## Information supplied:
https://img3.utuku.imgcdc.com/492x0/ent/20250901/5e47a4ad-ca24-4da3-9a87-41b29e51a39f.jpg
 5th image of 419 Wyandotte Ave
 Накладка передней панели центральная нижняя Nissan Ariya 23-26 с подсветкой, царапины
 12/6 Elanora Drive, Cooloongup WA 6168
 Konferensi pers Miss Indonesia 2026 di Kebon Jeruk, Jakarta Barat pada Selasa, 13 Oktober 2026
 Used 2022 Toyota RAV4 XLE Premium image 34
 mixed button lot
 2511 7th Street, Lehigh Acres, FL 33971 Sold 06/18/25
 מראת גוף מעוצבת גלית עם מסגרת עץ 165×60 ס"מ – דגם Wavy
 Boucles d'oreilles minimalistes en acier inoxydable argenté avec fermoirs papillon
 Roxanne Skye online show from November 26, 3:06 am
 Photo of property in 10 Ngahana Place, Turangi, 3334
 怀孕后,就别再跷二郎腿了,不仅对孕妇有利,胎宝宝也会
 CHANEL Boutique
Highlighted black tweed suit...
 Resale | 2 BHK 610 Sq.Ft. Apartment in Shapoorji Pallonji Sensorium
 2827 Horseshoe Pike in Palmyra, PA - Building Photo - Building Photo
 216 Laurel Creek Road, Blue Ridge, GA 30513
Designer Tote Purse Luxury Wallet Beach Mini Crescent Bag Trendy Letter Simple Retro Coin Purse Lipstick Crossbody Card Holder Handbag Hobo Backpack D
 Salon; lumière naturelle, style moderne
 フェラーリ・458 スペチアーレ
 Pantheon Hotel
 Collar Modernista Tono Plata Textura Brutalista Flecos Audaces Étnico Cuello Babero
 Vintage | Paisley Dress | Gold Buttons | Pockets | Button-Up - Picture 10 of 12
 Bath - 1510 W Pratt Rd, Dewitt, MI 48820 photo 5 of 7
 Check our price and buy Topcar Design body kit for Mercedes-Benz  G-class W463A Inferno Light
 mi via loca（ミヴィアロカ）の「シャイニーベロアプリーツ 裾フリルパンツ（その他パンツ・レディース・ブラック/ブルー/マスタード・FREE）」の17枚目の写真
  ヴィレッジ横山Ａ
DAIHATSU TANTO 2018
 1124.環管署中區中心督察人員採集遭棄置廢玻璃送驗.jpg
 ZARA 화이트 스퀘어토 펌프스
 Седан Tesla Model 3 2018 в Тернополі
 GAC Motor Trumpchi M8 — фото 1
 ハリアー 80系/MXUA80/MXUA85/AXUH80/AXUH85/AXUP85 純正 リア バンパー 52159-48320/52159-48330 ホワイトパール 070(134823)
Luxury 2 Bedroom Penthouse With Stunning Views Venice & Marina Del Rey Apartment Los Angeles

## Your task:
I'd like the lines above from the one with "2511 7th Street, Lehigh" up to and including the one with "CHANEL Boutique" copied exactly, with no other lines.

## Expected output:
 2511 7th Street, Lehigh Acres, FL 33971 Sold 06/18/25
 מראת גוף מעוצבת גלית עם מסגרת עץ 165×60 ס"מ – דגם Wavy
 Boucles d'oreilles minimalistes en acier inoxydable argenté avec fermoirs papillon
 Roxanne Skye online show from November 26, 3:06 am
 Photo of property in 10 Ngahana Place, Turangi, 3334
 怀孕后,就别再跷二郎腿了,不仅对孕妇有利,胎宝宝也会
 CHANEL Boutique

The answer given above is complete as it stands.